Many young artists today dismiss labels, but these institutions can still help turn a local story into a national one. “I wanted to be bigger than where I was,” Beezy says. “I actually want to be somebody.” 

Ridenour was tasked with making “That’s on Me” a coast-to-coast hit. He’s done that before — with Rich Homie Quan’s Number One “Flex (Ooh, Ooh, Ooh)” — and he had a simple game plan to help Beezy’s single grow. “If it could do the kind of researching and connecting with the audience that it did in Dallas, which is a major market, then there really shouldn’t be a reason why we couldn’t duplicate the same kind of excitement across the country,” Ridenour says.

“The Shazam aspect of it was a big key to this record,” he continues. “You put this thing on 20, 25 times in a seven-day period, the Shazams started showing up.” When Ridenour brought those numbers to program directors in Atlanta, Charlotte and Memphis, they took note.
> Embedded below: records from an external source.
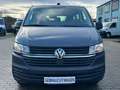 Volkswagen T6 Caravelle T6.1 Caravelle 9-SITZER/1.HD+APP-C+2.VERDAMPFER Grau - thumbnail 2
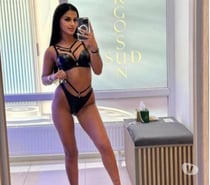 NEW🦶FETISH🍑PARTY-STRAPON🍆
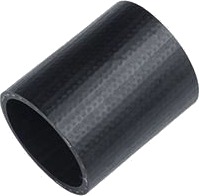 GOOM AH-0030 Ladeluftslange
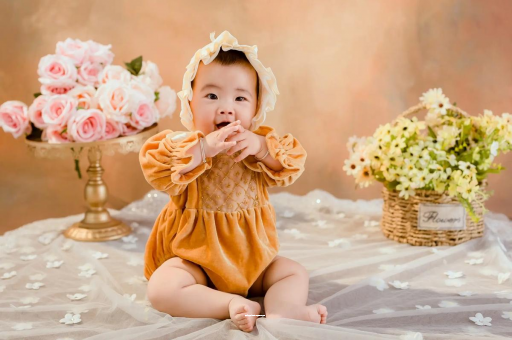 恩施宝宝老是出汗什么原因 恩施宝宝老是出汗什么原因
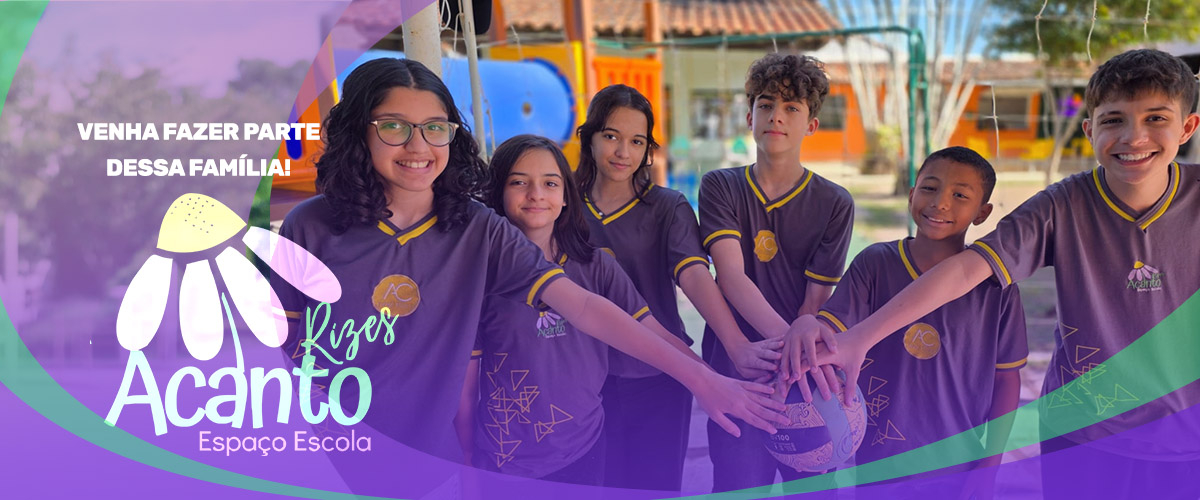 banner1200x500-principal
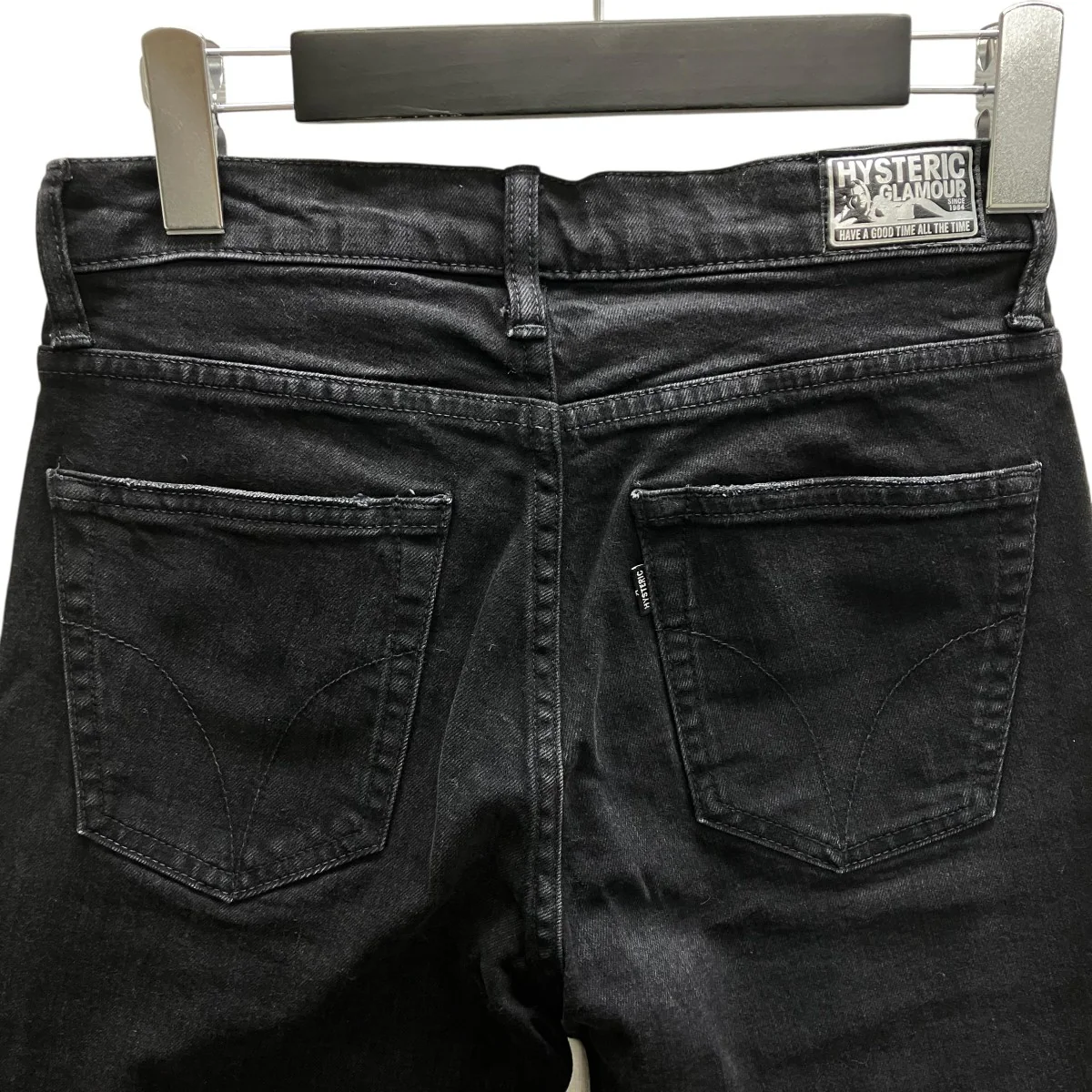 デニムパンツ - Image 4
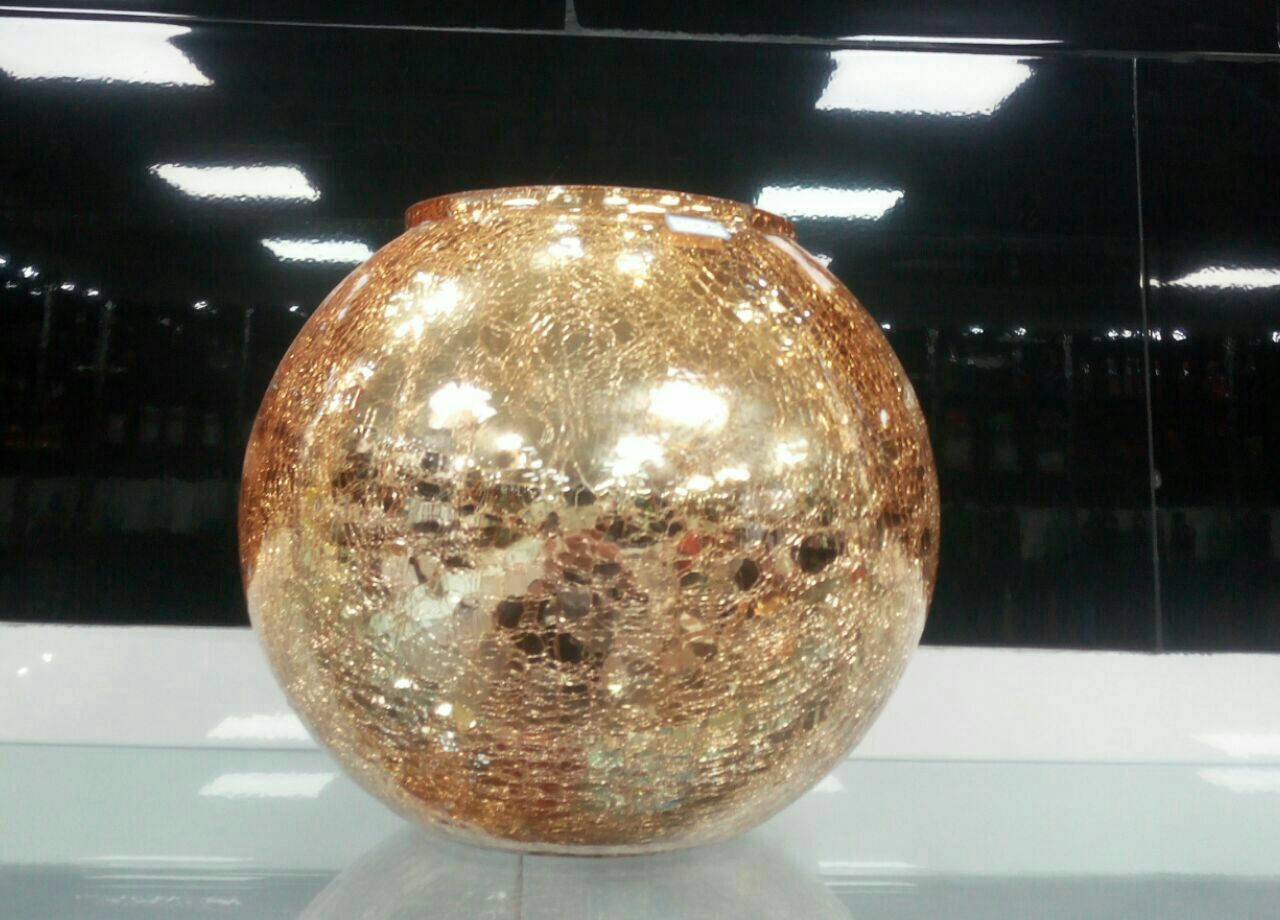 photo 80@25 01 2020 00 02 13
Soon “That’s on Me” was being played in those markets as well.  

It’s never an easy time to break a record at radio, but this summer was particularly challenging — between April and September, nearly every major hip-hop-adjacent artist of note put out an album, from Post Malone to Kanye West to Jay-Z and Beyoncé to Drake to Travis Scott to Eminem. But Ridenour had the luxury of persistence. “A lot of time with the major labels, because you have so much product, they don’t have time to stick with records,” the promoter says. “You gotta keep going with the hottest thing coming down the pipe.” He didn’t have that problem, so he kept pushing “That’s on Me,” and it kept climbing slowly, even if it didn’t earn a “most-added” distinction.

“Every week, we tried to make sure that it grew,” Ridenour says. “We weathered the Drake tsunami.” “That’s on Me” eventually cracked Philadelphia and infiltrated the northeast. By September, Beezy was getting 5,000 plays a week.  

That’s when the rapper got a call from Jay-Z and Beyoncé’s team. “They told me, we don’t have nothing for such-and-such date, we want you to perform at the Beyoncé concert,” Beezy recalls. His response: “Shit, I’m with it.” After playing at the Cowboys stadium in his hometown, he also opened for the two stars in Houston. “In Dallas they just used to me; they more numb to it,” the rapper says. “I ain’t from Houston, so it’s like another star comin’ in [when I play there]. That shit was even more crazy.”

With “That’s on Me” at Number One, Beezy’s team started to turn their attention to “Up One,” the next single, which is the musical equivalent of a runaway truck, more unstoppable with each passing minute. Beezy continues to show his knack for three-syllable hooks that are triumphant as they are succinct, trading in “that’s on me” for “I’m up one.” While the rapper can be laconic, he allows that this song is “high energy.” “I feel like that is gonna be one of ’em,” he says. Last week, Billboard reported that “Up One” was the second most-added single at radio. Beezy plans to release a new album this November as well.

Texas radio programmers are excited about what Beezy’s success means for rap back home. “I love that there are artists out here from Texas that are helping diversify what people think the Texas sound is [aside from just Houston records],” says Thomas. “There’s a music scene in Dallas that doesn’t always get the national attention that it needs,” adds McCray. “We want to make sure that people understand there’s a lot of talent here.”

But there’s another takeaway from Beezy’s success that should be heartening to rappers regardless of where they live. If Beezy got a hit without a major-label budget or a major streaming-service promotion to back him up, so can they. As Cook puts it, “we live in an environment now, where anyone can catch a break.”

Correction: An earlier version of this story misstated the first radio station in Dallas to play Yella Beezy’s “That’s on Me.” It was K-104 (KKDA), not 97.9 The Beat (KBFB).